* Source data

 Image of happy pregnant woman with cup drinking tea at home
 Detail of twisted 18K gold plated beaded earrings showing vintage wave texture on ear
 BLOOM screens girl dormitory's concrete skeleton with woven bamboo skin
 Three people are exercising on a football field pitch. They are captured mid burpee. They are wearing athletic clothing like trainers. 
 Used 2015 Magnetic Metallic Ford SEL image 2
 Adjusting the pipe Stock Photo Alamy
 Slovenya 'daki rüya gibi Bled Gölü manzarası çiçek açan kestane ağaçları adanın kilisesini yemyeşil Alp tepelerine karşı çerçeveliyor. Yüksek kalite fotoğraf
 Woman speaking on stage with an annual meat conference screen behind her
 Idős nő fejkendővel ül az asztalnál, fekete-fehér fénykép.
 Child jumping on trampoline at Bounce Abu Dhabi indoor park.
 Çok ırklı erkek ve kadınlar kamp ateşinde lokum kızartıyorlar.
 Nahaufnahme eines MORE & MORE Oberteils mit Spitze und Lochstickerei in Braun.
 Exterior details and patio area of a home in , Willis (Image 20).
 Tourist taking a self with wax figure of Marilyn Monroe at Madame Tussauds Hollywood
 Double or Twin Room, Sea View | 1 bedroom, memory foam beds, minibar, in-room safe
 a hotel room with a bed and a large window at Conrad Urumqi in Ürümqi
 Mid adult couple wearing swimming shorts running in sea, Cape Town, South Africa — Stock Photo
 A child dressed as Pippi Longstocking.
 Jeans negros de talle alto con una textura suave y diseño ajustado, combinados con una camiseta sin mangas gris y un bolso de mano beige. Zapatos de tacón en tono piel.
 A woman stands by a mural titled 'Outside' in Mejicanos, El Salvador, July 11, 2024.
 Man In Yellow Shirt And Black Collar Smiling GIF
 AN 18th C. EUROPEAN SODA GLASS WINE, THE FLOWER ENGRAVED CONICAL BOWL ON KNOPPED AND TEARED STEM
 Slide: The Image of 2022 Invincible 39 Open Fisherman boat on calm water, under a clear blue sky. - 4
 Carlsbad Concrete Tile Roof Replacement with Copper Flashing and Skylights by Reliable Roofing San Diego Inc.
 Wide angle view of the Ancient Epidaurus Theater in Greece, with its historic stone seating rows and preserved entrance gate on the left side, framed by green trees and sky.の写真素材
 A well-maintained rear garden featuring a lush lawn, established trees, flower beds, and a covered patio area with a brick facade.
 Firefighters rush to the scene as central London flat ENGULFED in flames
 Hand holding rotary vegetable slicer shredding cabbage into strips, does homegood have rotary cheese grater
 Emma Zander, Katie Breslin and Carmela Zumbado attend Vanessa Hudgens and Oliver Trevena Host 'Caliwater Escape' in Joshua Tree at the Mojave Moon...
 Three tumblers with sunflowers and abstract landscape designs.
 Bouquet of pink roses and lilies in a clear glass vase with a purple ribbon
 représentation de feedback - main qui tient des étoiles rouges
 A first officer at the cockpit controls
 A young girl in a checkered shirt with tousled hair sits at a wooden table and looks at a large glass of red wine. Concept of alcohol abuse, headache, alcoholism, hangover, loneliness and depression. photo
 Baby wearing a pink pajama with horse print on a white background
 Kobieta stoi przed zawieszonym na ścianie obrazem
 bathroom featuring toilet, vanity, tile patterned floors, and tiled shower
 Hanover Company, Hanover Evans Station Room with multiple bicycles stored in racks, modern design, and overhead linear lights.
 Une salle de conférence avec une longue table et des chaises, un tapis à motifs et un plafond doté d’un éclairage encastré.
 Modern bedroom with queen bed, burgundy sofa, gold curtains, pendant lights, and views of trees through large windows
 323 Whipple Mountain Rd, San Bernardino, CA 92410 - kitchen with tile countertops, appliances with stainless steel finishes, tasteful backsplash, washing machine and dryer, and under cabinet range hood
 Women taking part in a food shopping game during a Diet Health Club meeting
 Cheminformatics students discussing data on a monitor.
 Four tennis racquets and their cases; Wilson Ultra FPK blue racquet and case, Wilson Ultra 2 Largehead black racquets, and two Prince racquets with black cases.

* Problem requirements
The range runs from the line above containing "Carlsbad Concrete Tile" to the line containing "Wide angle view", inclusive. Restate those lines word for word and no others.

* Written solution
 Carlsbad Concrete Tile Roof Replacement with Copper Flashing and Skylights by Reliable Roofing San Diego Inc.
 Wide angle view of the Ancient Epidaurus Theater in Greece, with its historic stone seating rows and preserved entrance gate on the left side, framed by green trees and sky.の写真素材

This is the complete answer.